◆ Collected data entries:
BEGIN
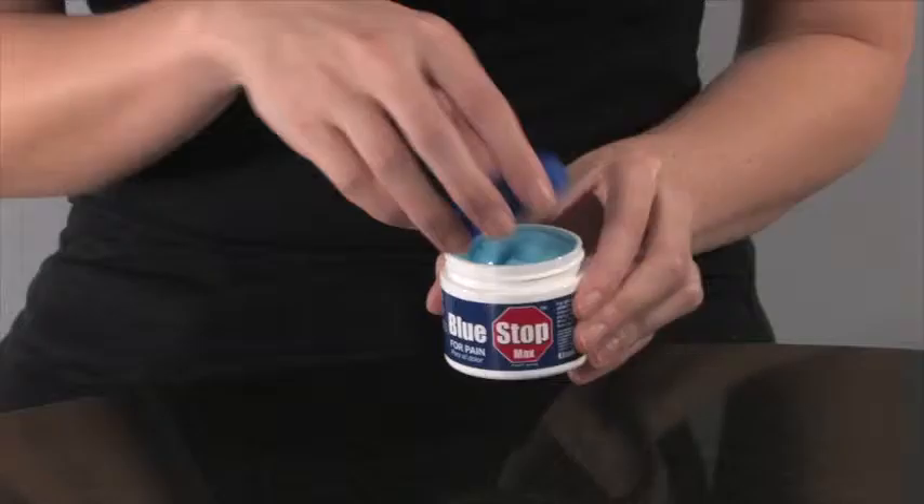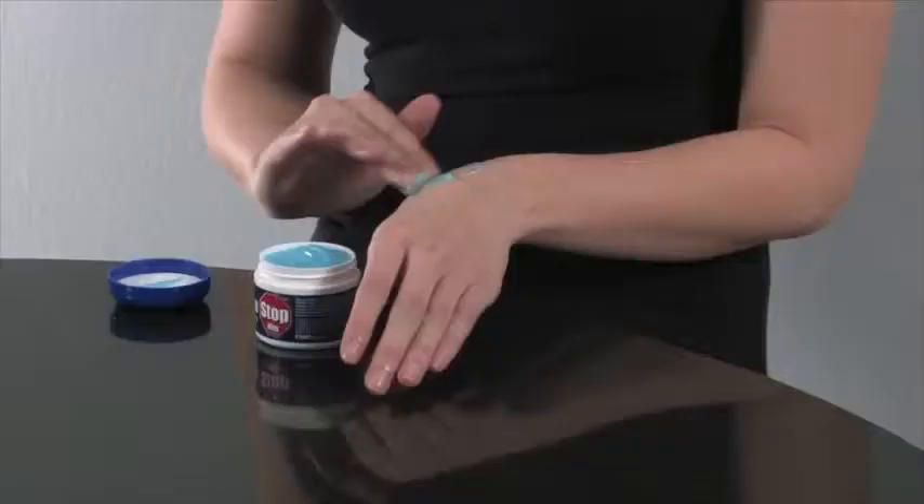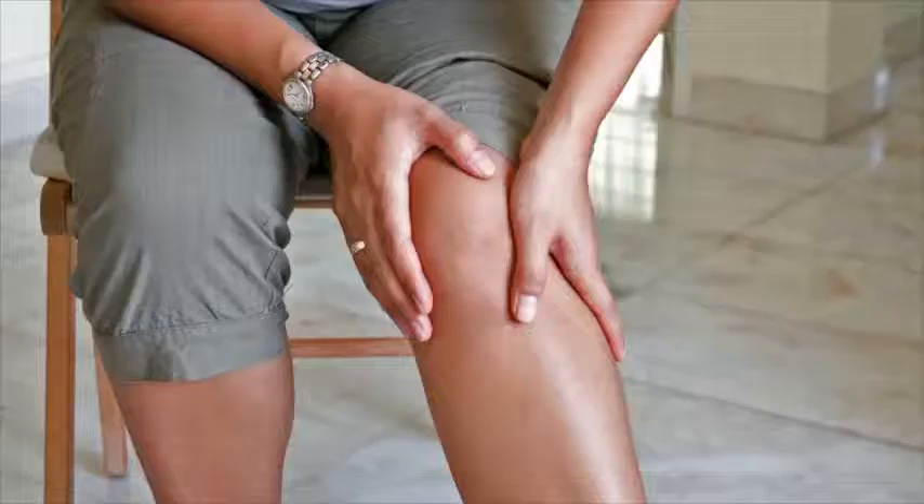Unfortunately, looking at a video just isn't the same as experiencing pain relief in person. But hopefully you too can join the many people who are experiencing pain-free lives because of Bluestop Max. This is how Bluestop looks and it feels great. And as you can see, it is smooth and silky, but this is just the beginning.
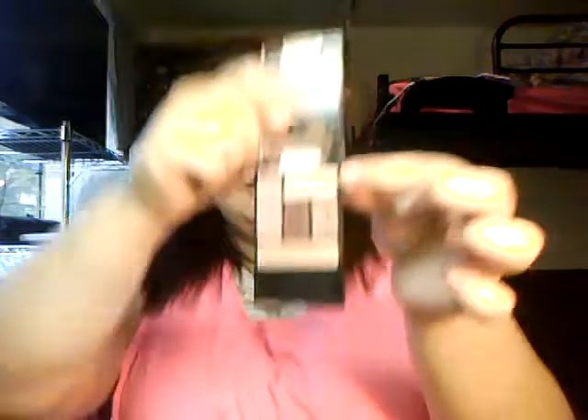I have Crease on my lid, and Eyelid and Browbone in my crease. I also took the Definer shade — the one in the middle — and put that in my crease too. That's the one shade I don't think there's an exact dupe for in the Naked 3. I read on some blogs that they were comparing it to Black Heart, which is the darkest shade in the Naked 3, but I don't think that's correct at all — the Definer shade is more red-toned, whereas Black Heart is more black.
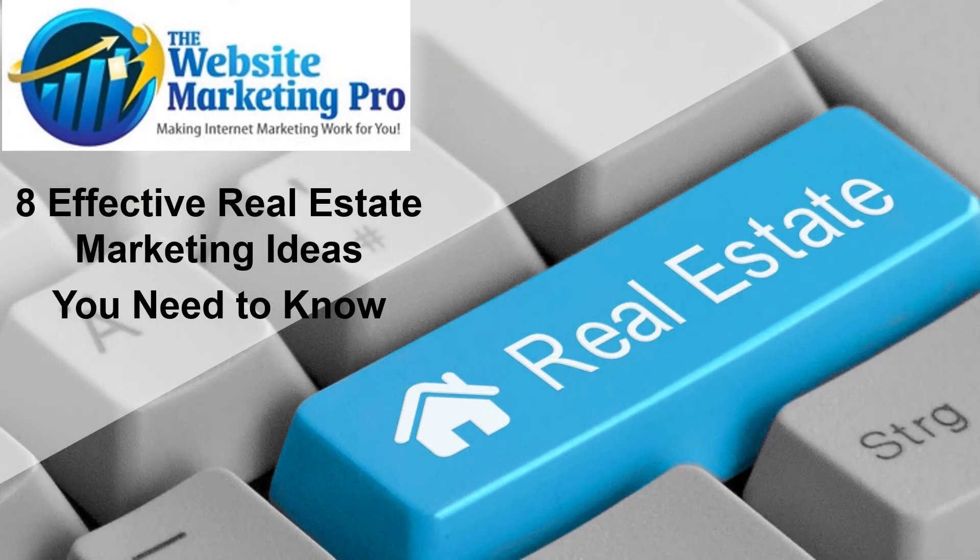Hi, this is Dick Ingersoll, the Website Marketing Pro, where Realtors go from cold calling and door knocking to finding leads daily in their email using our proven and painless Website Lead Attraction System. Up to 20% return on your investment in 90 days or less is guaranteed. Today's presentation will discuss 8 Effective Real Estate Marketing Ideas You Need to Know.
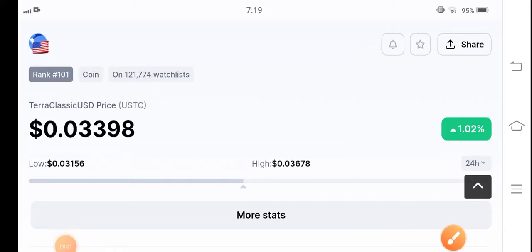Hello everybody, welcome back to my YouTube channel. This video is very urgent and very important for all Classic USD Coin holders, because in this video I'm going to talk about the next target for Classic USD Coin.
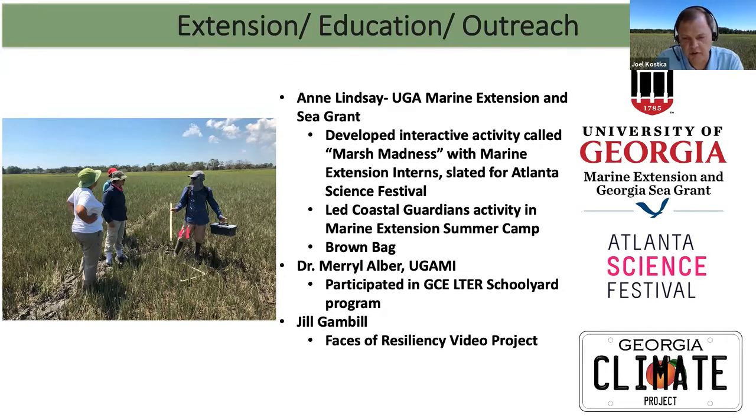We'd like to continue with that. When I started this work, Mona and Mark suggested that I partner with the LTER at Sapelo, and we have done that — we go to the LTER meetings every year. Thanks to Meryl Albert for that. We have also partnered with the LTER to do their Georgia Coast Ecosystem Schoolyard program, where we train teachers about our research and about salt marsh ecology.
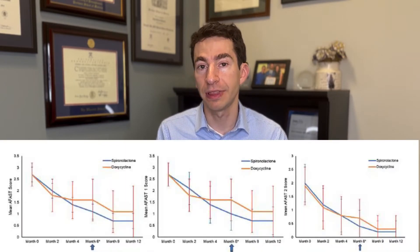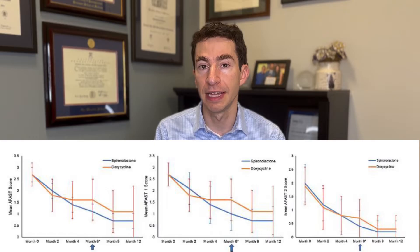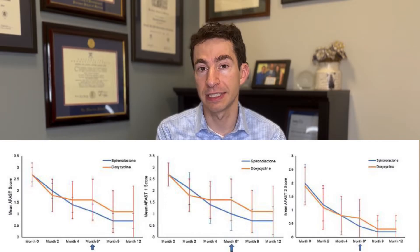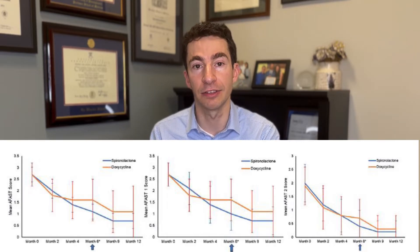The primary endpoint the investigators looked at was called an AFAS score — an investigator global assessment, essentially a gestalt of how acne was doing — measuring treatment success, meaning achieving clear or almost clear skin. What they found was that at four and six months after starting treatment, those in the spironolactone group had greater rates of treatment success than those in the doxycycline group.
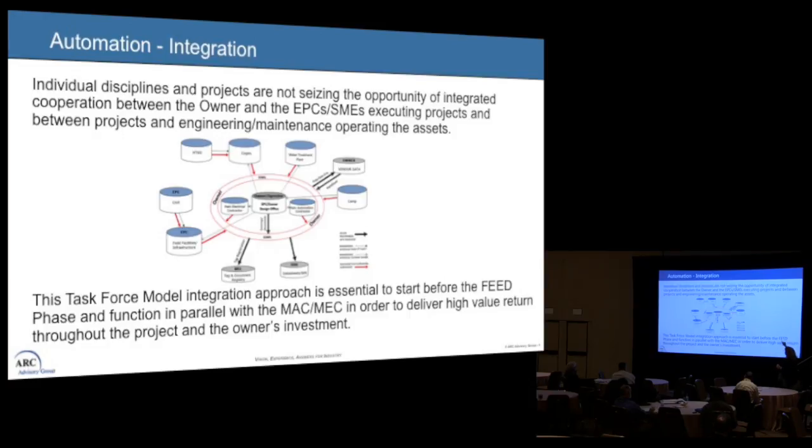Outside of that we have various companies or subject matter experts. For example, if I want to go to Siemens and buy three cogeneration units, I'll deal with them as a different kind of SME — they feed into our domain with the three core parties working together. Similarly, if I go to Veolia to buy a water treatment plant, it's the same thing. We call this a task force model because we want to make sure we deliver high-value return throughout the project for the owner's investment.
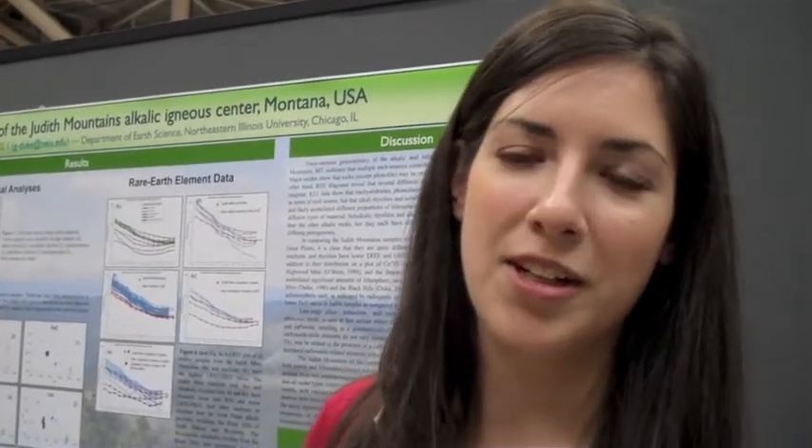My name is Elizabeth Gamble. I go to Northeastern Illinois University, and I did a geochemical analysis of the Judith Mountains in Montana.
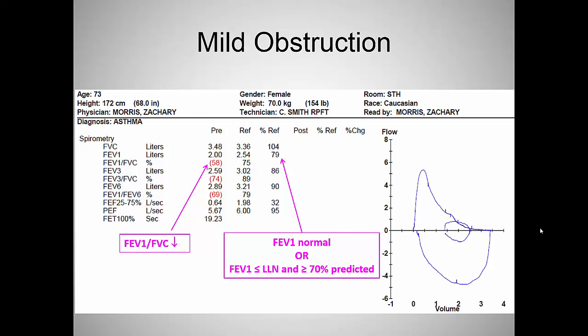Here's a patient example. The FEV1/FVC ratio is reduced. The lower limit of normal for a white female is about 9.6, so down to about 65.5 is within the confidence interval; this patient is clearly reduced at 58. The FEV1 is normal in black. Even if the FEV1 showed up in red but was still above 70% of predicted, we'd call it mild obstruction. Mild obstruction covers from just below the confidence interval all the way down to 70%.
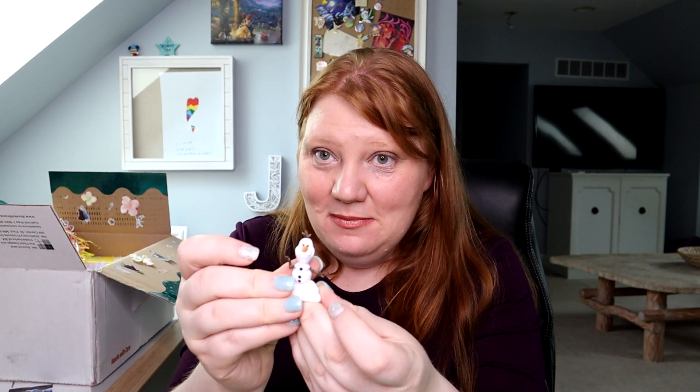Oh it has like glitter and stuff inside. So they put it in this little area here, so when you open it you get confetti. And we got... it's Olaf! I'm going to try and hold him up and make him stay in his little spot - so cute.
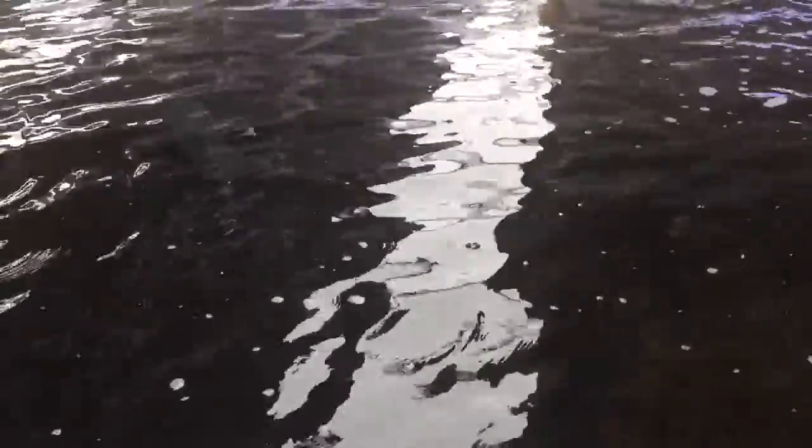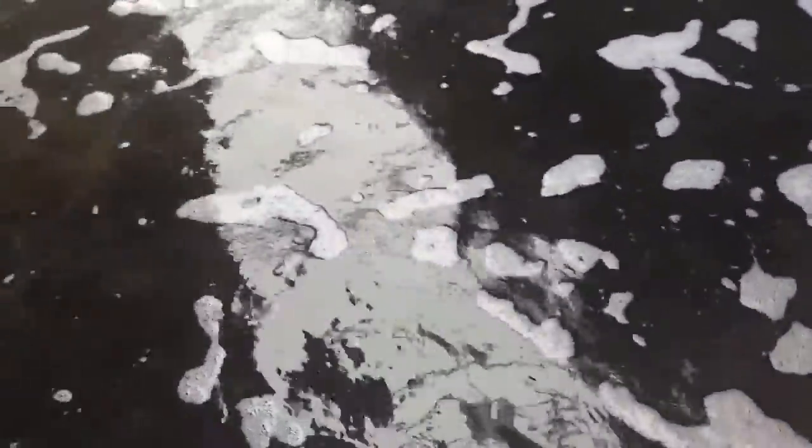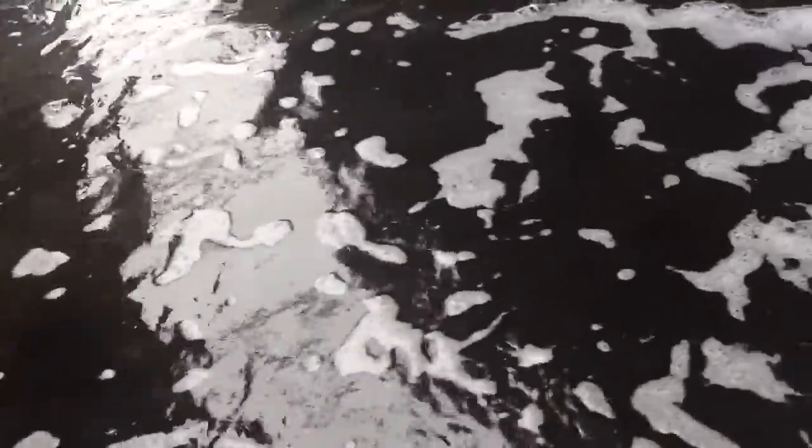Imagine this in your backyard — someone jumps in to go for a swim and doesn't even realize the whole thing's full of sharks because you can't even see them. I'd do it. I'd jump in.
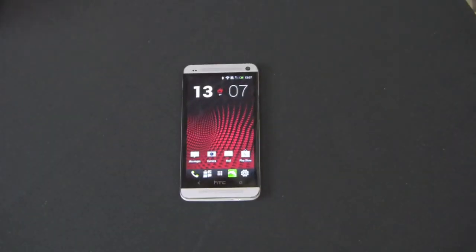Hi guys, welcome back to the Gazelle Lab. This is Anthony. Today we have a full review of the HTC One smartphone — this is the latest offering from HTC, their new flagship device, and it is available right now.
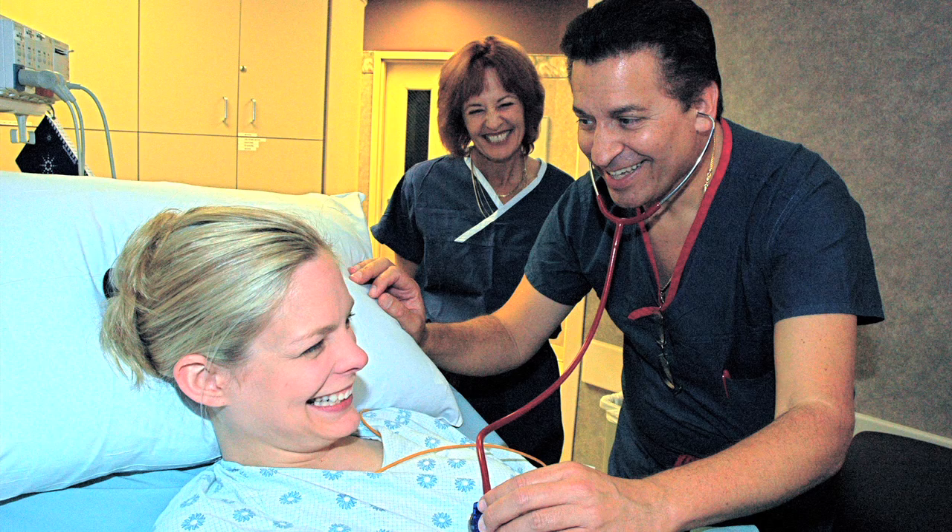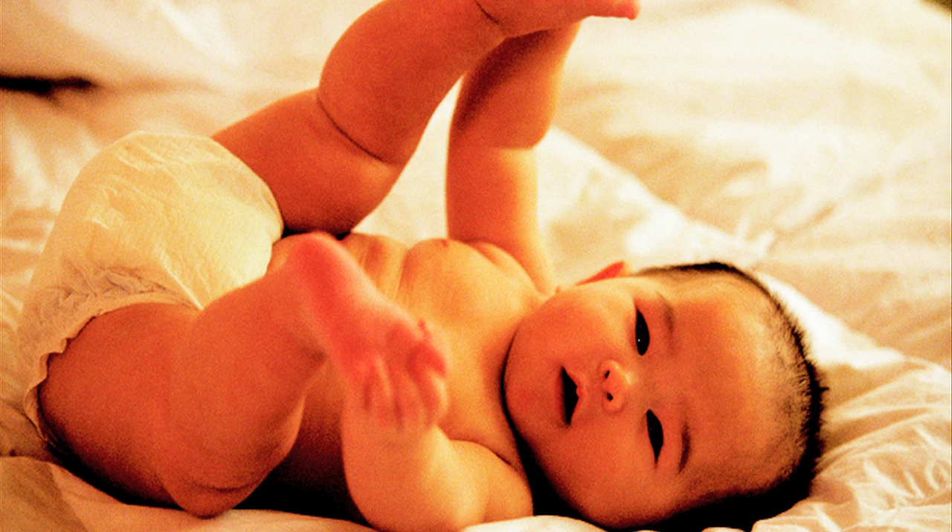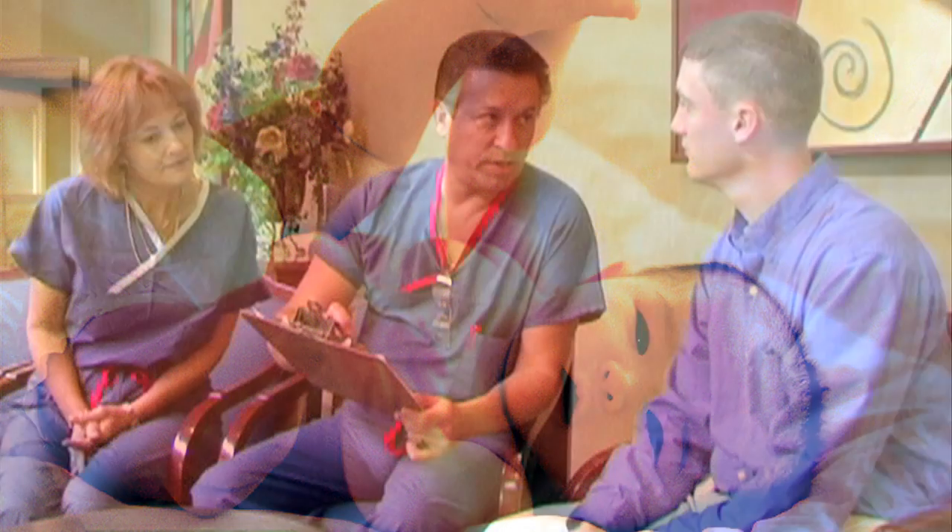Dr. Richard Levine is America's first tubal microsurgeon and has been featured on Good Morning America, The Phil Donahue Show, People Magazine, ABC, CBS, and NBC nightly news programs, as well as other media from around the world.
END
◆ Action item: The answer is the records above, repeated exactly, with no picture in it.

◆ Task answer:
Unfortunately, looking at a video just isn't the same as experiencing pain relief in person. But hopefully you too can join the many people who are experiencing pain-free lives because of Bluestop Max. This is how Bluestop looks and it feels great. And as you can see, it is smooth and silky, but this is just the beginning.
I have Crease on my lid, and Eyelid and Browbone in my crease. I also took the Definer shade — the one in the middle — and put that in my crease too. That's the one shade I don't think there's an exact dupe for in the Naked 3. I read on some blogs that they were comparing it to Black Heart, which is the darkest shade in the Naked 3, but I don't think that's correct at all — the Definer shade is more red-toned, whereas Black Heart is more black.
Hi, this is Dick Ingersoll, the Website Marketing Pro, where Realtors go from cold calling and door knocking to finding leads daily in their email using our proven and painless Website Lead Attraction System. Up to 20% return on your investment in 90 days or less is guaranteed. Today's presentation will discuss 8 Effective Real Estate Marketing Ideas You Need to Know.
Hello everybody, welcome back to my YouTube channel. This video is very urgent and very important for all Classic USD Coin holders, because in this video I'm going to talk about the next target for Classic USD Coin.
We'd like to continue with that. When I started this work, Mona and Mark suggested that I partner with the LTER at Sapelo, and we have done that — we go to the LTER meetings every year. Thanks to Meryl Albert for that. We have also partnered with the LTER to do their Georgia Coast Ecosystem Schoolyard program, where we train teachers about our research and about salt marsh ecology.
The primary endpoint the investigators looked at was called an AFAS score — an investigator global assessment, essentially a gestalt of how acne was doing — measuring treatment success, meaning achieving clear or almost clear skin. What they found was that at four and six months after starting treatment, those in the spironolactone group had greater rates of treatment success than those in the doxycycline group.
Outside of that we have various companies or subject matter experts. For example, if I want to go to Siemens and buy three cogeneration units, I'll deal with them as a different kind of SME — they feed into our domain with the three core parties working together. Similarly, if I go to Veolia to buy a water treatment plant, it's the same thing. We call this a task force model because we want to make sure we deliver high-value return throughout the project for the owner's investment.
My name is Elizabeth Gamble. I go to Northeastern Illinois University, and I did a geochemical analysis of the Judith Mountains in Montana.
Here's a patient example. The FEV1/FVC ratio is reduced. The lower limit of normal for a white female is about 9.6, so down to about 65.5 is within the confidence interval; this patient is clearly reduced at 58. The FEV1 is normal in black. Even if the FEV1 showed up in red but was still above 70% of predicted, we'd call it mild obstruction. Mild obstruction covers from just below the confidence interval all the way down to 70%.
Oh it has like glitter and stuff inside. So they put it in this little area here, so when you open it you get confetti. And we got... it's Olaf! I'm going to try and hold him up and make him stay in his little spot - so cute.
Imagine this in your backyard — someone jumps in to go for a swim and doesn't even realize the whole thing's full of sharks because you can't even see them. I'd do it. I'd jump in.
Hi guys, welcome back to the Gazelle Lab. This is Anthony. Today we have a full review of the HTC One smartphone — this is the latest offering from HTC, their new flagship device, and it is available right now.
Dr. Richard Levine is America's first tubal microsurgeon and has been featured on Good Morning America, The Phil Donahue Show, People Magazine, ABC, CBS, and NBC nightly news programs, as well as other media from around the world.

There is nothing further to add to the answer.